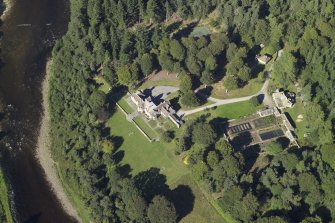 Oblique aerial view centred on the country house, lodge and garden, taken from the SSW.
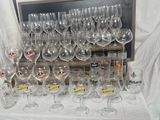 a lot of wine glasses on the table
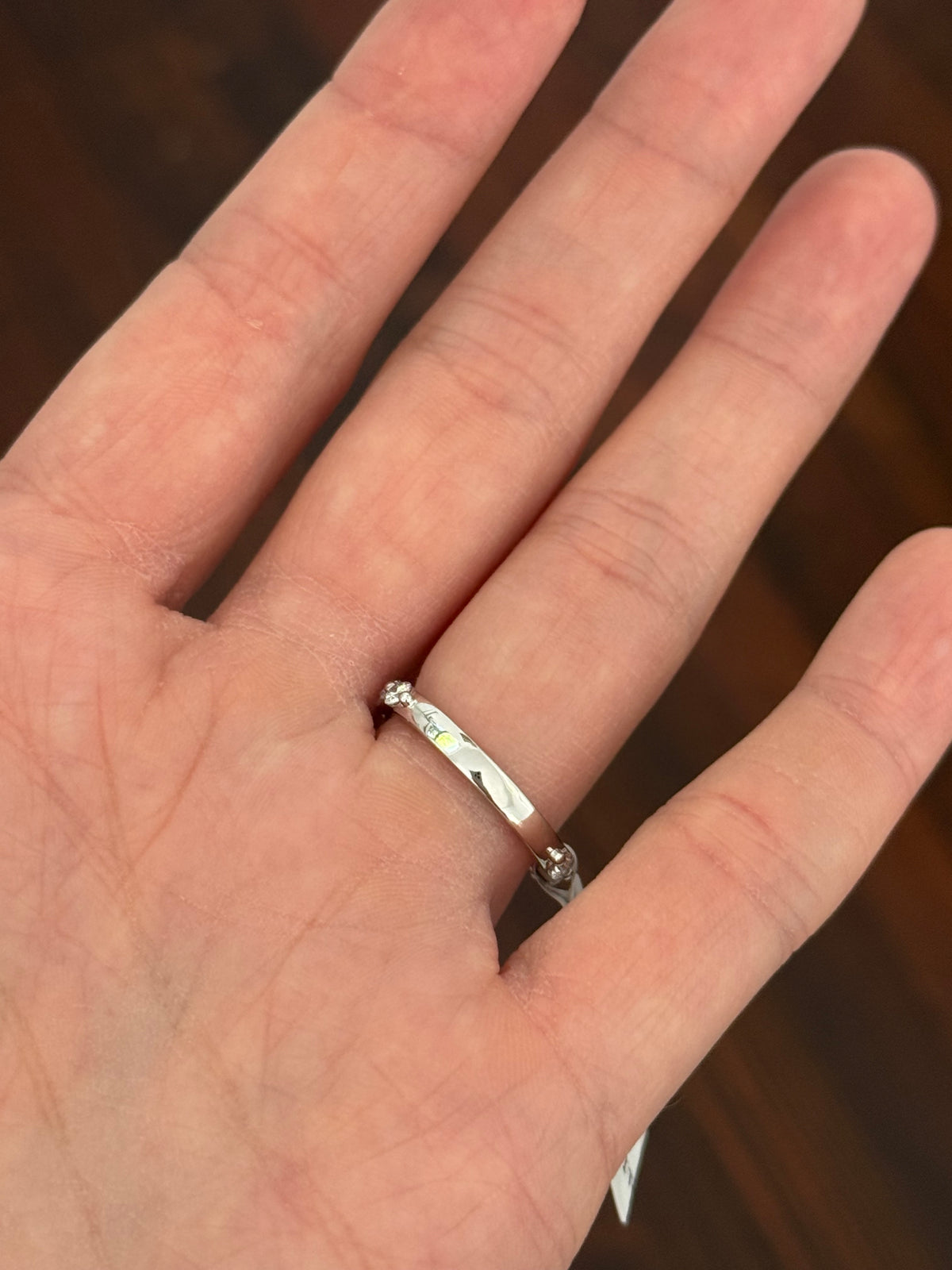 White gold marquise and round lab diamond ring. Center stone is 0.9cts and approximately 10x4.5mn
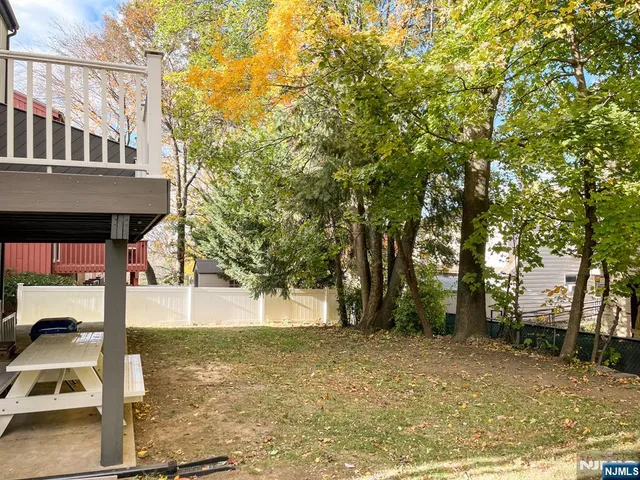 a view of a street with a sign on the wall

• YOUR TASK: In your copy, include no pictures; print every line above exactly.

• RESPONSE AREA:
 Oblique aerial view centred on the country house, lodge and garden, taken from the SSW.
 a lot of wine glasses on the table
 White gold marquise and round lab diamond ring. Center stone is 0.9cts and approximately 10x4.5mn
 a view of a street with a sign on the wall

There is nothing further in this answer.